Man mano che i due parlavano e si avvicinavano al nuraghe, Cornelio poté
vederli meglio. Il ragazzo poteva avere circa trent’anni ed era più alto di lui
e aveva un fisico possente. Sicuramente faceva pesi in palestra. Cornelio lo
invidiò per un momento. La ragazza invece, doveva essere sui vent’anni e la
tuta che indossava lasciava intravedere un fisico tonico.
«Come sapete della Jana?» Chiese Cornelio ai due ragazzi.
«Tu chi sei?» Chiese il ragazzo. La ragazza lo squadrò e il suo sguardo
dagli occhi scuri e curiosi si illuminò.
«Tu sei Cornelio Carta!» Esclamò.
«Ci conosciamo?» Chiese Cornelio, incuriosito. In effetti, la ragazza aveva
un’aria familiare. Aveva il viso ovale, la fronte bassa, e lunghi capelli
scuri. L’aveva già vista da qualche parte.
«Sì, certo! Sei un laureando del professor Cocco! Io sto facendo la tesi
con Lorenzini, in storia medievale.»
«Livia Anedda! Ora ricordo! Sì, hai passato l’esame di letteratura latina con
30 e lode, mi ricordo!»
«Esatto! Il mio ultimo esame prima della laurea - » commentò Livia.
«Ehm, vedo che vi conoscete e che tu al solito, amore, ti dimentichi di
presentarmi. Io sono Giovanni, il ragazzo di Livia. Piacere.» disse il ragazzo,
allungando una mano verso Cornelio.
«Piacere mio! Allora, come fate a sapere della Jana?» chiese Cornelio. I
due giovani si scambiarono uno sguardo complice.
«Io e Giovanni siamo due dei sette Guerrieri di Nur. È una lunga storia da
raccontare ora su due piedi, ma è cominciata - » disse Livia, ma Giovanni la
interruppe.
«Tutto è cominciato nel 2009, l’anno in cui Livia si è diplomata. Una Jana
voleva impadronirsi dell’isola e l’antico Custode che protegge la Sardegna - »
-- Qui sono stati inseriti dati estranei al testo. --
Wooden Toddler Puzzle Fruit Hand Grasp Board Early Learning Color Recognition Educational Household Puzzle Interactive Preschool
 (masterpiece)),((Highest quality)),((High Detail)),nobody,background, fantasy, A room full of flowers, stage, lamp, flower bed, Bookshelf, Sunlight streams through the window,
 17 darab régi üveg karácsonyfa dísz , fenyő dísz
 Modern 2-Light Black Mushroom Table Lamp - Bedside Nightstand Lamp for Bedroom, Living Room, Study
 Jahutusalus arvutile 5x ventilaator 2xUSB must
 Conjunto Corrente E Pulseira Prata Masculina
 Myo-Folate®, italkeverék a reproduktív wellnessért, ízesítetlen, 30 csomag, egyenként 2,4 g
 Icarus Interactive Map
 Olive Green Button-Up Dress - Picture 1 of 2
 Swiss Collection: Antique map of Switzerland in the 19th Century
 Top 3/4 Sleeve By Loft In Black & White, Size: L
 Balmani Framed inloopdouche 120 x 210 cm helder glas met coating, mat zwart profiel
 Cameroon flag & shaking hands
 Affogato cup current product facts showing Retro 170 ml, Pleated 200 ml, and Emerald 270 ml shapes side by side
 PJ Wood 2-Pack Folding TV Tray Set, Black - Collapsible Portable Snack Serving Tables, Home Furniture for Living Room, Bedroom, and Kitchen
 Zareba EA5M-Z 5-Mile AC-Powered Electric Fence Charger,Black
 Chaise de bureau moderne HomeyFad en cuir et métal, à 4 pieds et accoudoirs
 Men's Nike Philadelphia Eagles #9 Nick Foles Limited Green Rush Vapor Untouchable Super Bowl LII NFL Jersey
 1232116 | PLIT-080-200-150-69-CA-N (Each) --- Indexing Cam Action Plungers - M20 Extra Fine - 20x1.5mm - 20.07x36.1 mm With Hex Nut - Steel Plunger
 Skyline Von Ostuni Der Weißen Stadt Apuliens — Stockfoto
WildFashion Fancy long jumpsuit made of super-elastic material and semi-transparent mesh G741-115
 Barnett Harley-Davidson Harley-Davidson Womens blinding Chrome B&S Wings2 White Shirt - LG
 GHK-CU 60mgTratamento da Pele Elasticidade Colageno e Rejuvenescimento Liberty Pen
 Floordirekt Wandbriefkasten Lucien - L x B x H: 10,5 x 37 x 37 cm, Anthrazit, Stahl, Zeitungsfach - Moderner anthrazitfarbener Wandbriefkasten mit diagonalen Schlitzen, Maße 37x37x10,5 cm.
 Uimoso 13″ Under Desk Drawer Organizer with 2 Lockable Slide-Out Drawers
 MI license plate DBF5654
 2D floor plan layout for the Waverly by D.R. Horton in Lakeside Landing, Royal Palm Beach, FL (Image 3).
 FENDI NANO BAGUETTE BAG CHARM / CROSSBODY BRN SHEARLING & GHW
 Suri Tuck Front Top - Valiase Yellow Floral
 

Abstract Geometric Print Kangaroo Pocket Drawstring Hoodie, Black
«Aspetta, amore, così lo confondi.» intervenne Livia. «La Sardegna,
chiamata Nur millenni fa, è protetta da un Custode di nome Heganur.»
«Ah ecco chi è. Lo hanno nominato prima le anime degli abitanti del
villaggio che stava qui» commentò Cornelio.
«Parli con loro?» chiese Giovanni. Livia lo fulminò con lo sguardo,
impaziente di finire la sua spiegazione a Cornelio.
«Heganur prima di morire fondò un gruppo di sette Guerrieri con la missione
di proteggere Nur dagli attacchi delle Creature che cercano di impadronirsi
dell’isola. La missione è stata tramandata nei millenni, fino a oggi. Io,
Giovanni, mia sorella Laura e quattro nostre amiche siamo i Guerrieri odierni.
Stiamo cercando la Jana perché ha un’informazione da darci.»
«Io cerco la Jana perché…beh qui sotto al nuraghe c’è uno Scultone e io
dovrei ucciderlo - »
«Noi non possiamo aiutarti in questo, quindi il prescelto sei tu. Heganur
ce lo ha detto qualche settimana fa, ma non avrei mai pensato di incontrarti.
Né avevo idea fossi tu, Cornelio!» disse Livia.